Retailers have never been more determined to squeeze every last piece of value out of the business and its staff than the present environment of diminishing returns. No longer are retailers accepting that a loss prevention manager’s role is just about catching crooks and interviewing staff. There is a growing expectation that the loss prevention manager can walk into a retail environment and have strong administrative skills around the back of shop and the running systems controlling stock flow/movement; an intimate understanding of the supply chain, stock-take process, mark down cycles, refund procedures and the process surrounding sales (voids, over-rides, cancellations, discounts and so forth). Add to this set of skills the ability to manage at a strategic level, deliver training across a diverse section of staff and management levels as well as carry out investigations and interviews, and you have a fairly extensive set of skills and requirements.

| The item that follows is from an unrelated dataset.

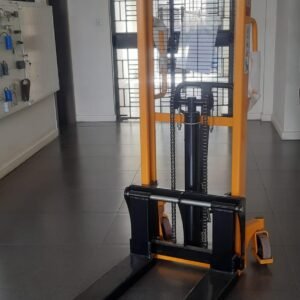 AMS1500-3M Aico Japan MANUAL STACKER Capacity 1.5 Tonnes (1500kgs) Lifting height 3 metres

Which brings me back to the original question: Who would make a better loss prevention manager, somebody with a retail background or someone from a security/policing background? It is important to understand that every skill set required for this role is learnable; so in order to answer the first question, we need to answer this question – which skills are easier to learn?
On one hand, you look at the vastness of retail skills required for this position to succeed, and it would be very easy to jump to the conclusion that a person with a retail background wins hands down as the only skills totally outside of retail that have the ability to conduct an investigation; the capability to interview somebody and an understanding of how to put a brief of evidence together. It is easy to assume that these three things would be easier to learn than every aspect of retail.
Well, before you can cast your vote, you need to consider the requirements in more detail because, although there are more retail processes to learn, they are all just processes so, given time and a bit of capability, all of them can be learned with minimal fuss.
To a certain extent, the same can be said for the interview and investigation process.Conducting an investigation, particularly a preliminary investigation, is basically a fact finding mission with the facts put into a particular context allowing a decision to be made regarding the next step/s to be taken.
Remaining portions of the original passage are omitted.